Return the records verbatim.

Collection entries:
*** Begin section ***

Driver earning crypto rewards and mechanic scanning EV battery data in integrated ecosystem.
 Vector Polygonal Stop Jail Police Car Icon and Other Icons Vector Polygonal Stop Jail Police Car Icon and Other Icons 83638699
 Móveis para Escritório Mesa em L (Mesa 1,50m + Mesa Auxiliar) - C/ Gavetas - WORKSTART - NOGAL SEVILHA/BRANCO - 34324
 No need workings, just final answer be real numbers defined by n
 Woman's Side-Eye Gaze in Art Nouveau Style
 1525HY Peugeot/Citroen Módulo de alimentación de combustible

*** End section ***

◆ Exercise output
Driver earning crypto rewards and mechanic scanning EV battery data in integrated ecosystem.
 Vector Polygonal Stop Jail Police Car Icon and Other Icons Vector Polygonal Stop Jail Police Car Icon and Other Icons 83638699
 Móveis para Escritório Mesa em L (Mesa 1,50m + Mesa Auxiliar) - C/ Gavetas - WORKSTART - NOGAL SEVILHA/BRANCO - 34324
 No need workings, just final answer be real numbers defined by n
 Woman's Side-Eye Gaze in Art Nouveau Style
 1525HY Peugeot/Citroen Módulo de alimentación de combustible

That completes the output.